É a capacidade criativa do povo a vir ao de cima, dando os primeiros passos no caminho da construção do seu destino, de que a forma como decorre o chamado dia do trabalhador (06/10/1974) na cidade de Beja é um bom exemplo. Só neste dia, os carpinteiros da base aérea da cidade substituem todos os vidros partidos das escolas da capital do Baixo Alentejo, que não eram poucos segundo a Câmara Municipal.

Em Albernoa, por influência do MES (Movimento de Esquerda Socialista), o povo e os trabalhadores também se mobilizam para o desenvolvimento de ações destinadas a melhorar as suas vidas.

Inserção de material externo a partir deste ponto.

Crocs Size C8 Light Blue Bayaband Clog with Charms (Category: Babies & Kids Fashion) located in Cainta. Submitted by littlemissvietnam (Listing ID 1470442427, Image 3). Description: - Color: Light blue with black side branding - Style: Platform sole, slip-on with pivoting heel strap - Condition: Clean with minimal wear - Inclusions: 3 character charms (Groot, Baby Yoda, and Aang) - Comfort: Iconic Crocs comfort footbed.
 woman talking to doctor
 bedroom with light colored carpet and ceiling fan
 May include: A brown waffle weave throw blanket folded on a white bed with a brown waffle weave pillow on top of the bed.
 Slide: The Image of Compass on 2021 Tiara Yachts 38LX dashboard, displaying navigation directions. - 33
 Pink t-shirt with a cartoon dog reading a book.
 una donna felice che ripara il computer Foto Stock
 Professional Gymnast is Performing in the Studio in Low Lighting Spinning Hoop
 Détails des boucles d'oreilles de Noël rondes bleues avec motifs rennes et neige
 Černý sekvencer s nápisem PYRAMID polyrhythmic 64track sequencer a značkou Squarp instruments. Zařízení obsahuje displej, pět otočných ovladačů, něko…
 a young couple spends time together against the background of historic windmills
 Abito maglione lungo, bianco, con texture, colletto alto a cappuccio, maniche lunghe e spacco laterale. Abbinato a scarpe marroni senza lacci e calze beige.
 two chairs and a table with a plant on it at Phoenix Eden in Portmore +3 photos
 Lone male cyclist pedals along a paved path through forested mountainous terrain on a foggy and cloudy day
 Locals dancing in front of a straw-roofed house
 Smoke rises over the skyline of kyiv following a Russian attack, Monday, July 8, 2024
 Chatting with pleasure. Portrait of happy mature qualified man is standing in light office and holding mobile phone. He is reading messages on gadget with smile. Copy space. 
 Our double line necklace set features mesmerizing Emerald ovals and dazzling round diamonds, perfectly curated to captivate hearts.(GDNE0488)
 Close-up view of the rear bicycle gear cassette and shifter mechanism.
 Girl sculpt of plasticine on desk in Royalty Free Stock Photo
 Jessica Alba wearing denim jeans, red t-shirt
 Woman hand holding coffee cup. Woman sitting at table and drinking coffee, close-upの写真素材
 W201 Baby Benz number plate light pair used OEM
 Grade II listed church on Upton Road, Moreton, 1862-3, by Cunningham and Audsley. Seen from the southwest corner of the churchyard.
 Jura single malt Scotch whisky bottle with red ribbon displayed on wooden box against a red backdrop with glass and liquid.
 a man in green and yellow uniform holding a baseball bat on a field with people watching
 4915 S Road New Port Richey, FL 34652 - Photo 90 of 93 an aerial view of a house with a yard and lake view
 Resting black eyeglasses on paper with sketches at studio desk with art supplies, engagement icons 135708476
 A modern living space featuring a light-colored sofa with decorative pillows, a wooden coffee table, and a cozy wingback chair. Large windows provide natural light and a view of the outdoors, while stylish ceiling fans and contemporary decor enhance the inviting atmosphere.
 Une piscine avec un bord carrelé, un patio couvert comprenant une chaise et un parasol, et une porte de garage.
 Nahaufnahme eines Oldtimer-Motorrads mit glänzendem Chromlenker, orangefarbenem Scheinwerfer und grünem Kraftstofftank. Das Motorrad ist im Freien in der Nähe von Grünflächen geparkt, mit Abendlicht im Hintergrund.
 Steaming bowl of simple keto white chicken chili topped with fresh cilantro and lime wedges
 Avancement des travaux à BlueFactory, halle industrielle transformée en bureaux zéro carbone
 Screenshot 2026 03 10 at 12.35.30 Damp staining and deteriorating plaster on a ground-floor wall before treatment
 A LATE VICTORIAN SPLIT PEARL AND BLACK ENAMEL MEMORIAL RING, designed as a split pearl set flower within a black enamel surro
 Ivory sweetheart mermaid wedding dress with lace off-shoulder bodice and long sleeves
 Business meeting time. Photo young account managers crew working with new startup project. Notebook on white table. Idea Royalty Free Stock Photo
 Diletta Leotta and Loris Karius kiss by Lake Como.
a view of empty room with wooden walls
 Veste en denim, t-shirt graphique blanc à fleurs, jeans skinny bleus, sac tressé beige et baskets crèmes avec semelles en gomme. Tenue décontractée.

Em 1957, dois grandes proprietários de Albernoa compram propriedades agrícolas que são atravessadas por dois caminhos rurais de que o povo se servia para aceder a diversos montes. Em 1965, estes proprietários resolvem suprimir estes troços intentando uma ação judicial contra a freguesia de Albernoa, da qual resulta a vitória das suas pretensões, com o tribunal a dar-lhes razão, aduzindo para o efeito uma lei do tempo do Marquês de Pombal, de 1773.

Ora, na manhã de cinco de outubro, data de aniversário da proclamação da República, o povo desta freguesia, armado de tratores, pás, picaretas e enxadas, reconstrói os antigos caminhos, fazendo regressar ao usufruto público o que tinha sido apropriado pelo privado.

Ainda nesta freguesia e neste mês de outubro, a população consegue recuperar para seu usufruto os logradouros em torno da vila – terrenos baldios – de que os proprietários agrícolas se tinham apropriado semeando até às paredes das casas da povoação. O povo reunido em plenário constitui uma comissão que entra em contacto com estes proprietários, os quais, perante a pressão popular, aceitam respeitar os logradouros da povoação.   

Estes dois exemplos de Albernoa são bem ilustrativos da forma como o processo revolucionário se vai instalando no país e, naturalmente, também no concelho de Beja. Perante a desarticulação das forças repressivas do Estado – a GNR e PSP estão confinadas a posto e quartéis e as forças armadas têm quebrada a cadeia de comando – o povo vai paulatinamente tomando conta da rua onde, através de várias ações, consegue os seus intentos: ter uma vida melhor. E ao consegui-lo ganha força e capacidade de mobilização para avançar, para ir mais longe.

É o processo revolucionário a dar os primeiros passos, com o povo a tomar em mãos o seu destino.